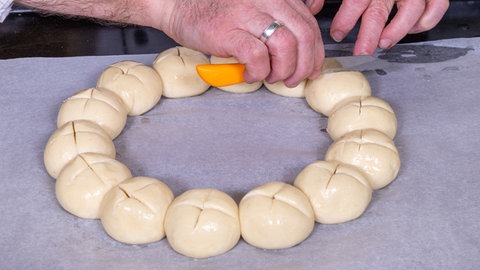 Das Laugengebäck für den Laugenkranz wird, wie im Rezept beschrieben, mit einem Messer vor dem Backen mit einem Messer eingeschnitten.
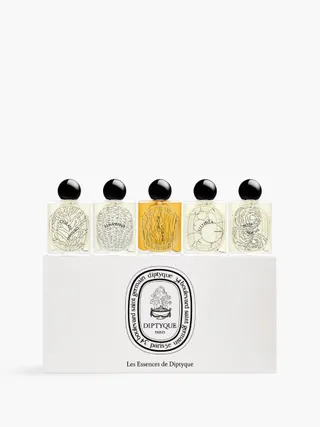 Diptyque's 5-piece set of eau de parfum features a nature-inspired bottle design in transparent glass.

□ □ □ □

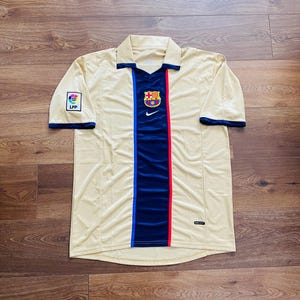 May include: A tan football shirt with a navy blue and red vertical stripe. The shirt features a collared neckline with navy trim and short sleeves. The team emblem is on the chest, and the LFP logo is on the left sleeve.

□ □ □ □

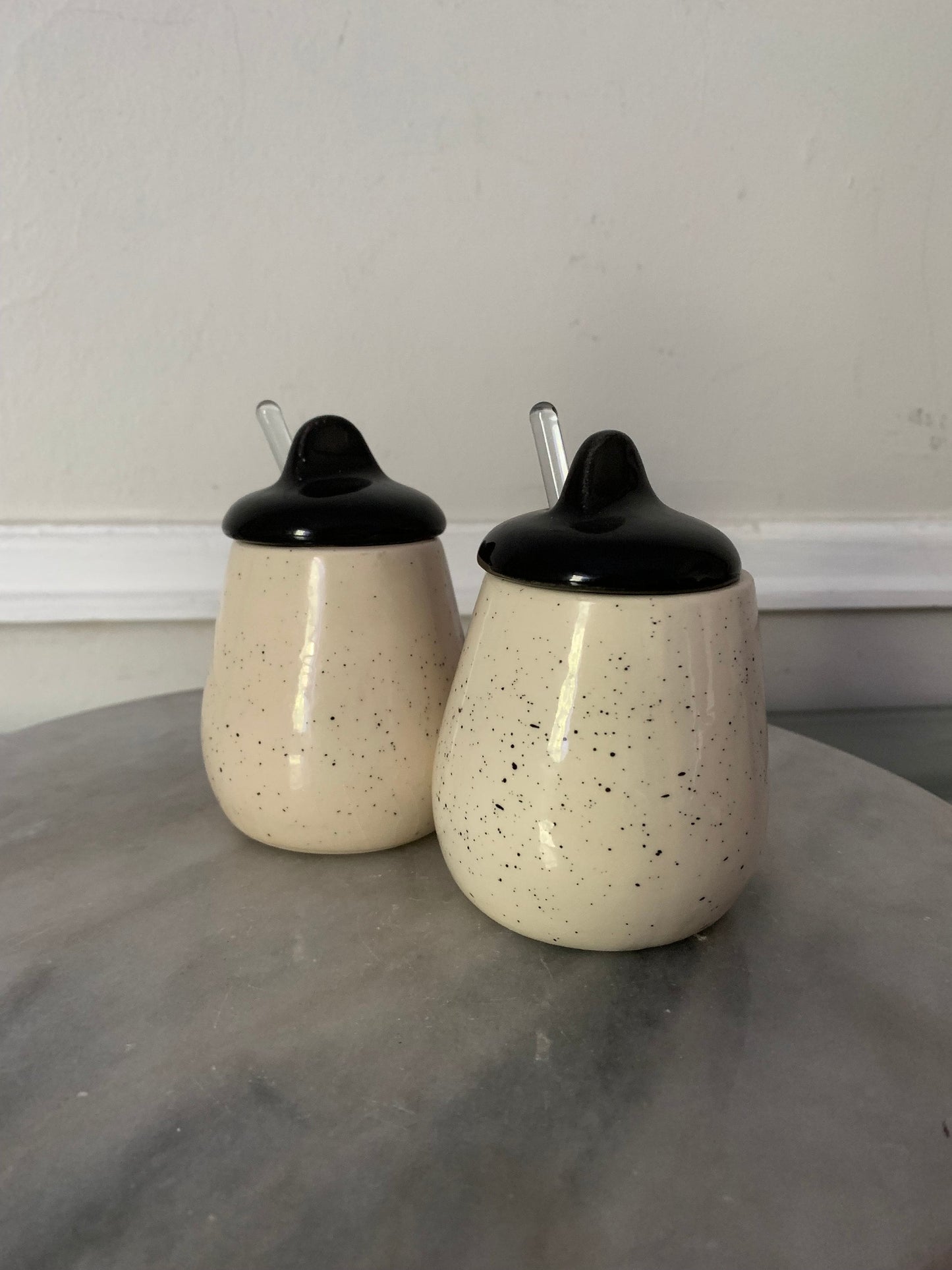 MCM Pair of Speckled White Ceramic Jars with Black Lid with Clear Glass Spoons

□ □ □ □

Exercise:
Above are some records; extract exactly the lines from the one containing "Das Laugengebäck für" through the one containing "Diptyque's 5-piece set" and drop the pictures.

Written answer:
 Das Laugengebäck für den Laugenkranz wird, wie im Rezept beschrieben, mit einem Messer vor dem Backen mit einem Messer eingeschnitten.
 Diptyque's 5-piece set of eau de parfum features a nature-inspired bottle design in transparent glass.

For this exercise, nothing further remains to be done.